On Wednesday, the Office of the Inspector General released a detailed 20 page investigative report detailing how the payments ballooned over the course of a year, later discovered by the city's Finance department.
The Sheriff's controversial directive for all deputies to use the "City Detail Overtime" code in November 2023 was exacerbated by a systemic error in the city's payroll system, Workday.
"A deputy sheriff that was making $3,000 was suddenly making almost $11,000," Inspector General of Baltimore City Isabel Cumming said.
"It was almost a perfect storm in that he wanted to give his employees an increase. He was working with the mayor and doing that. Then he thought that he found a way to do so. However, unbeknownst to him, this misconfiguration caused the money to go far beyond he what he even interpreted," she added.

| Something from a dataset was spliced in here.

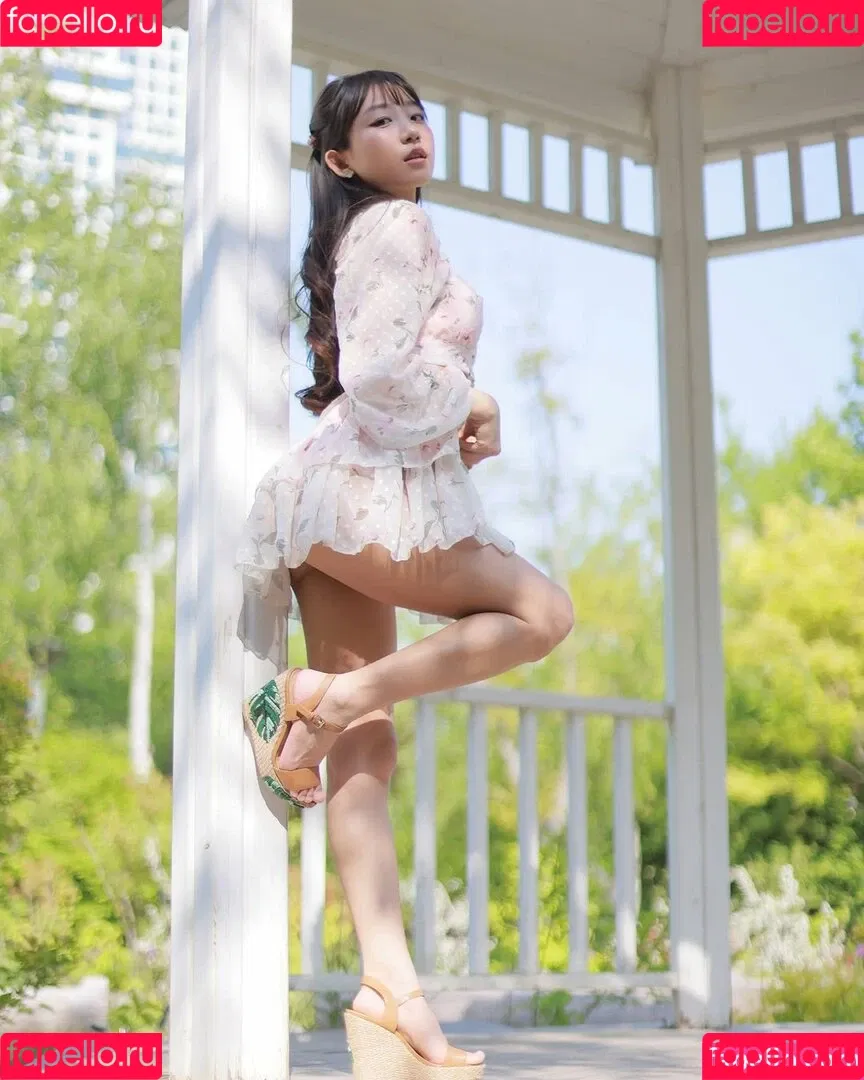 Eunji Pyoapple / djhenney / eunji / pyoapple Onlyfans Photo Gallery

Cumming has noted that the total overpayment is more than her office's entire budget.
The city has since removed the pay code from its system.
Hear Baltimore City Inspector General speak on the latest report regarding the city's sheriff's office
In a statement to WMAR-2 News Baltimore City Sheriff Sam Cogen said:
“It’s unfortunate that this ongoing programmatic error in the City’s Workday system has deprived Sheriff’s Deputies of proper payment of the compensation they have earned under the current labor agreement for over a year now. I will continue working with Mayor Scott’s Finance team to correct the mistakes in their payroll system.

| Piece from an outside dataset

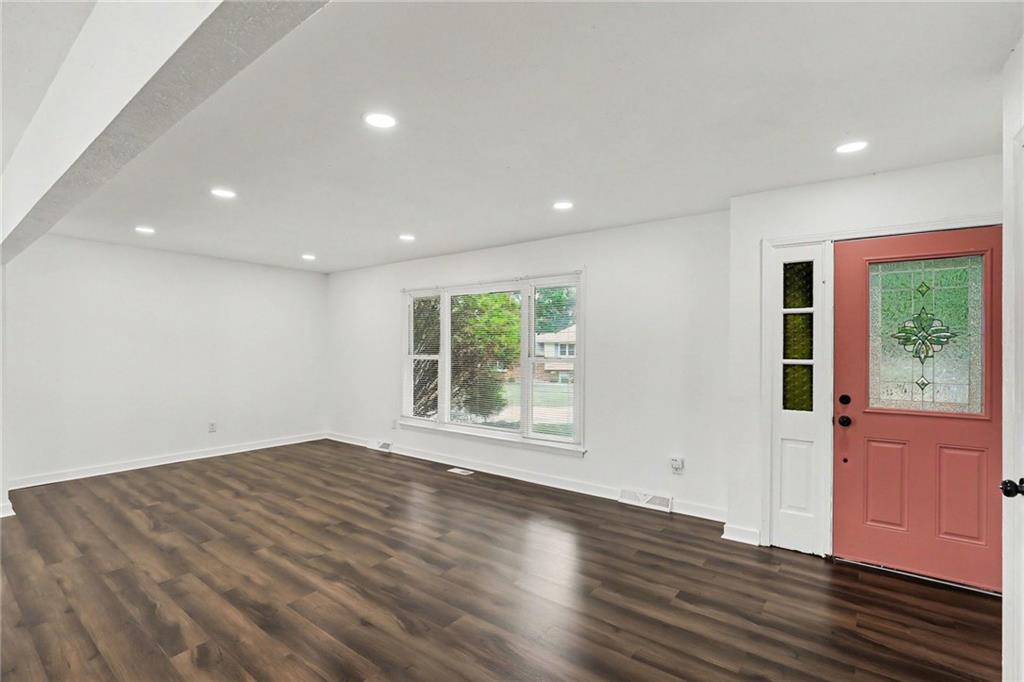 Photo 3 of 2508 NW 86th Street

Since I took office, I activated deputy sheriffs to become more engaged in suppressing crime in Baltimore City in a way they have not been for over a decade. I don’t want us to lose sight of the fact that the money at issue is payment owed to them for their contributions to the historic reductions in homicides that we have seen.”

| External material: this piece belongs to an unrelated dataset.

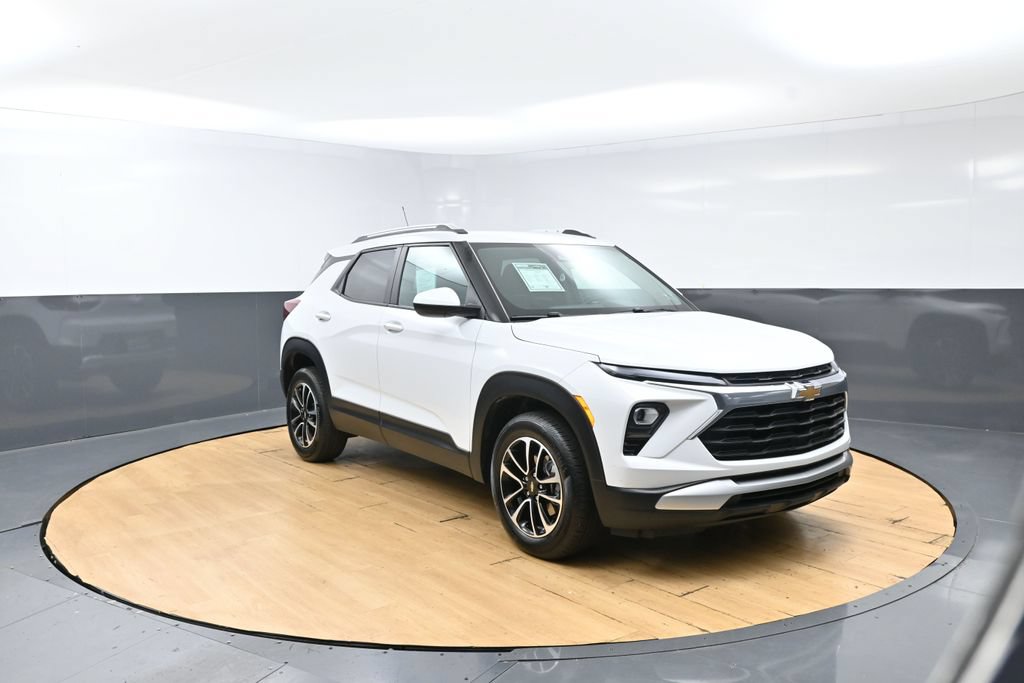 Used 2025 Chevrolet TrailBlazer LT AWD/4WD image 13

"[The sheriff] interpreted that crime suppression was what the sheriffs were doing all the time. And so his interpretation of that allowed them to use that overtime for all their working hours," Cumming explained.
Though previous investigations from her office have resulted in criminal charges, she says that the matter does not appear to be criminal in nature.
"In order to prove you would have to have intent. At this time, we don't know of an intent. When we met with him, he said that... there was a mistake in this," Cumming said.
She also says the city has mechanisms to recoup the money.
The Mayor's Office squarely blamed the "misuse" of the money on the "expansive and deliberate abuse of the detail designation."
The Sheriff's Office is currently in arbitration over the matter with the Labor Commissioner.